Et M. Didier Mathus, (pour terminer en beauté ) a écrit:M. Didier Mathus…Pour resituer le projet de loi dans le mouvement intellectuel des dernières années, il faut revenir sur la révolution numérique. La multiplication des capacités d'échange entre individus sur Internet, avec les plateformes peer-to-peer mais aussi d'autres technologies, a totalement révolutionné les industries de la culture et de l'information. On assiste à une désindustrialisation des échanges culturels, notamment en matière de musique, où les échanges par peer-to-peer offrent une valeur ajoutée en permettant aux adolescents de réaliser leurs compilations personnelles. Ils choisissent eux-mêmes leur diversité culturelle. Elle ne leur est plus imposée d'en haut par un industriel. Je considère cela comme très positif. De même, les blogs et les wikis, dont on a peu parlé mais qui vont prendre une importance considérable, sont en train de révolutionner l'information. Wikipedia, par exemple, et un certain nombre de procédés agrégatifs permettent à chacun de participer, de son ordinateur, à l'élaboration d'une conscience collective et d'une connaissance partagée. Bien sûr, cela remet en cause l'arbre traditionnel de transmission de l'information et de la connaissance détenu jusqu'ici par quelques industriels des contenus, qui décidaient de ce que devaient écouter les gens, et quelques industriels de l'information, qui décidaient de ce qu'ils devaient penser.
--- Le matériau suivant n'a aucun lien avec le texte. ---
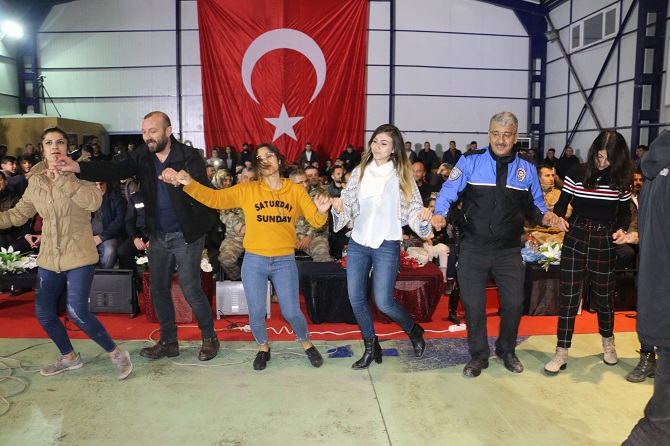 img_4983.jpg img_4983.jpg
Cette révolution, qui met brutalement en cause toutes ces grandes procédures de transmission verticale d'un émetteur vers des récepteurs passifs, entraîne inéluctablement un conflit entre, d'une part, les industriels propriétaires des contenus et des catalogues et, d'autre part, les citoyens internautes qui tentent de faire valoir ce droit nouvellement acquis à l'expression et à la diversité culturelle librement choisie.
La bataille de retardement du Gouvernement, avec le présent projet, ne fait illusion à personne. Elle revient, encore une fois, à vouloir endiguer la mer avec du sable. Toutes les mesures de pénalisation longuement décrites au fil des articles 13 et 14 seront sans effet réel sur la société d'aujourd'hui car tout le monde sait que la pénalisation massive ne fonctionne pas.
Le gouvernement français est celui qui a choisi la transposition la plus répressive, avec la Grèce. Or on s'aperçoit que, même dans les pays qui ont opté pour des adaptations beaucoup plus ouvertes et respectueuses des libertés individuelles, comme le Danemark et le Royaume-Uni, où les poursuites ne sont lancées que contre certains types d'échanges de fichiers effectués à des fins commerciales, les législations sont peu ou pas appliquées. Les tribunaux ne prononcent pas les sentences parce que, encore une fois, on ne peut pas légiférer contre la société.
La tentative du Gouvernement est vouée à l'échec. Vouloir légiférer contre la société ne peut pas aujourd'hui marcher.
On se trouve face à un problème considérable - le même que dans le domaine de l'industrie biogénétique, lorsque certains industriels comme Monsanto essayent d'imposer des gènes propriétaires : ...
M. Charles Cova. Blablabla !
M. Didier Mathus. ...dans le domaine de la propriété intellectuelle, il y a une telle frénésie d'appropriation, une telle voracité de profits que quelques industriels tentent d'imposer l'idée que tout ce qui circule sur le Net devrait leur appartenir. Cette bataille ne fait que commencer.
Aujourd'hui, le Gouvernement l'emportera sûrement. Il est soutenu par une majorité. Mécaniquement, ce soir ou demain, il arrivera au bout de son calvaire, si j'ose dire. Il aura fait adopter ce projet de loi pour le plus grand bénéfice des industriels des contenus. Mais ce sera une victoire à la Pyrrhus. Il est clair que les aspirations à la liberté et à l'enrichissement culturel seront de toute façon les plus fortes. La volonté de faire de la propriété intellectuelle une espèce de gisement pour actionnaires n'a aucune chance de l'emporter à terme.
La bataille que nous menons sera perdue ce soir ou demain dans cet hémicycle, mais elle sera gagnée dans la société l'an prochain ou dans deux ans.